SQL Error: You have an error in your SQL syntax; check the manual that corresponds to your MySQL server version for the right syntax to use near ''students' (Lastname, Firstname, Middleinitial, Course, Year, Section, Studentnu' at line 1
by the way, i put add function in php using these codes...
$Lastname = $_POST['Lastname'];
$Firstname = $_POST['Firstname'];
$Middleinitial = $_POST['Middleinitial'];
$Course = $_POST['Course'];
$Year = $_POST['Year'];
$Section = $_POST['Section'];
$Studentnumber = $_POST['Studentnumber'];
$Violation = $_POST['Violation'];
$Punishment = $_POST['Punishment'];
$Violationdate = $_POST['Violationdate'];
$Punishmentstartdate = $_POST['Punishmentstartdate'];
$CSlength = $_POST['CSlength'];
$Add = $_POST['add'];
$records = mysql_connect('localhost', 'root', '') or die(mysql_error());
mysql_select_db('records', $records);
$sql = ("INSERT INTO 'students' (Lastname, Firstname, Middleinitial, Course, Year, Section, Studentnumber, Violation, Punishment, Violationdate, Punishmentstartdate, CSlength) VALUES('$Lastname', '$Firstname', '$Middleinitial', '$Course', '$Year', '$Section', '$Studentnumber', '$Violation', '$Punishment', '$Violationdate', '$Punishmentstartdate', '$CSlength')");
$result = mysql_query($sql, $records);
if (!$result)
die("SQL Error: ".mysql_error());
echo "Success";
thanks for the answer.... :))
Get rid of the quotes around students.

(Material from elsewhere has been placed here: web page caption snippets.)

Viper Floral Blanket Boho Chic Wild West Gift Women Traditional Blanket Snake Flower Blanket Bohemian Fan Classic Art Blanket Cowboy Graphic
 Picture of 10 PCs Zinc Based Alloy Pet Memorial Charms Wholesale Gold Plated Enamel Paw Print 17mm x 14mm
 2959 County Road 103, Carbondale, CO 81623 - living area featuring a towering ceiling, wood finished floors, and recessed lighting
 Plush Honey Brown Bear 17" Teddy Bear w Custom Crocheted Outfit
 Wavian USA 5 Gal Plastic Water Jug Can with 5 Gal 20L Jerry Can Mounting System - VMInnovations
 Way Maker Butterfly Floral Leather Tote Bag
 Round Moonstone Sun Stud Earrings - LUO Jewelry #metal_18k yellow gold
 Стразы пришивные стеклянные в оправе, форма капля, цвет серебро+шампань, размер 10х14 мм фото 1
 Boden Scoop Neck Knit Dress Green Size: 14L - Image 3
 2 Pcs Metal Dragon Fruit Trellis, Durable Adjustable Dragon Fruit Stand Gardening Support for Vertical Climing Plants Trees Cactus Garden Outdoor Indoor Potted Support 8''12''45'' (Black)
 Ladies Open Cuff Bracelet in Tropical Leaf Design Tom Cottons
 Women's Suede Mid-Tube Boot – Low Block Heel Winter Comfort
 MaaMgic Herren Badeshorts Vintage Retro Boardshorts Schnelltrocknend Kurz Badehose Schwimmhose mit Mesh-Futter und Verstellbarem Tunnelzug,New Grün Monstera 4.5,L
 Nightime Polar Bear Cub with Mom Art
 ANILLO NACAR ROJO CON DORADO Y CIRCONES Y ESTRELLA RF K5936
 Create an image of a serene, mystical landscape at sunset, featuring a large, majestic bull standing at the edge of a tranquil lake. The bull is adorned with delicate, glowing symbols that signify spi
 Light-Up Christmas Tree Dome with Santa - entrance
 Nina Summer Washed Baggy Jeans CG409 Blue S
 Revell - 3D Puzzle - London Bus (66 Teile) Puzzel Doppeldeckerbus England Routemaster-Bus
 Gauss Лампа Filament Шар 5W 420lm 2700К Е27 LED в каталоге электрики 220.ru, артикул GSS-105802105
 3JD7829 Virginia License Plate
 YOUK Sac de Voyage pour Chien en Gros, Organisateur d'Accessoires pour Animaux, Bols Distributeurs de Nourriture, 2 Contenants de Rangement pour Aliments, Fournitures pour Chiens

Either use ticks or nothing at all:
$sql = ("INSERT INTO `students` (Lastname, Firstname, Middleinitial, Course, Year, Section, Studentnumber, Violation, Punishment, Violationdate, Punishmentstartdate, CSlength) VALUES('$Lastname', '$Firstname', '$Middleinitial', '$Course', '$Year', '$Section', '$Studentnumber', '$Violation', '$Punishment', '$Violationdate', '$Punishmentstartdate', '$CSlength')");
FYI, you are wide open to SQL injections.
You just have to modify you code like this!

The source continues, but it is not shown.